▸ Given information
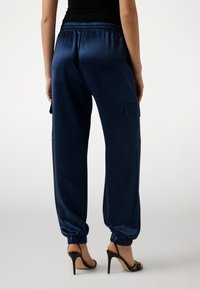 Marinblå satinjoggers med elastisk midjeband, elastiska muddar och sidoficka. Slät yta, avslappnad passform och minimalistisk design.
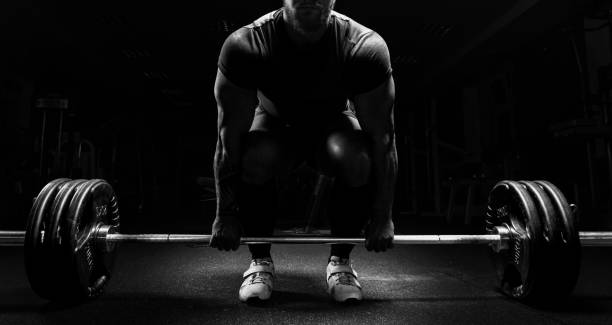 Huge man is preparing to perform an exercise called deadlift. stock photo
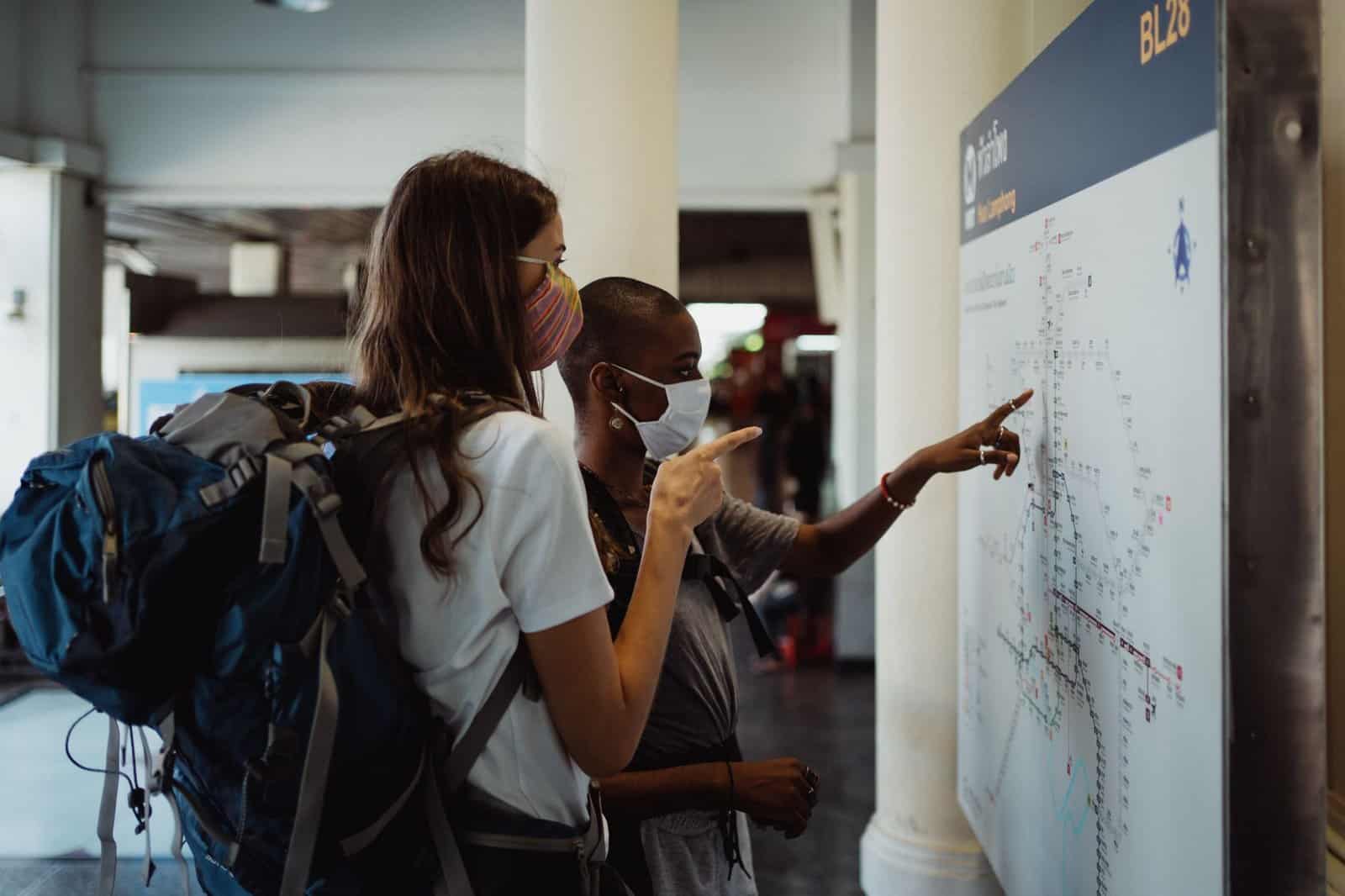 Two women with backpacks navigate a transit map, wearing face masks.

▸ Assigned task
Give an exact copy of the data, and omit any pictures it holds.

▸ Finished task
 Marinblå satinjoggers med elastisk midjeband, elastiska muddar och sidoficka. Slät yta, avslappnad passform och minimalistisk design.
 Huge man is preparing to perform an exercise called deadlift. stock photo
 Two women with backpacks navigate a transit map, wearing face masks.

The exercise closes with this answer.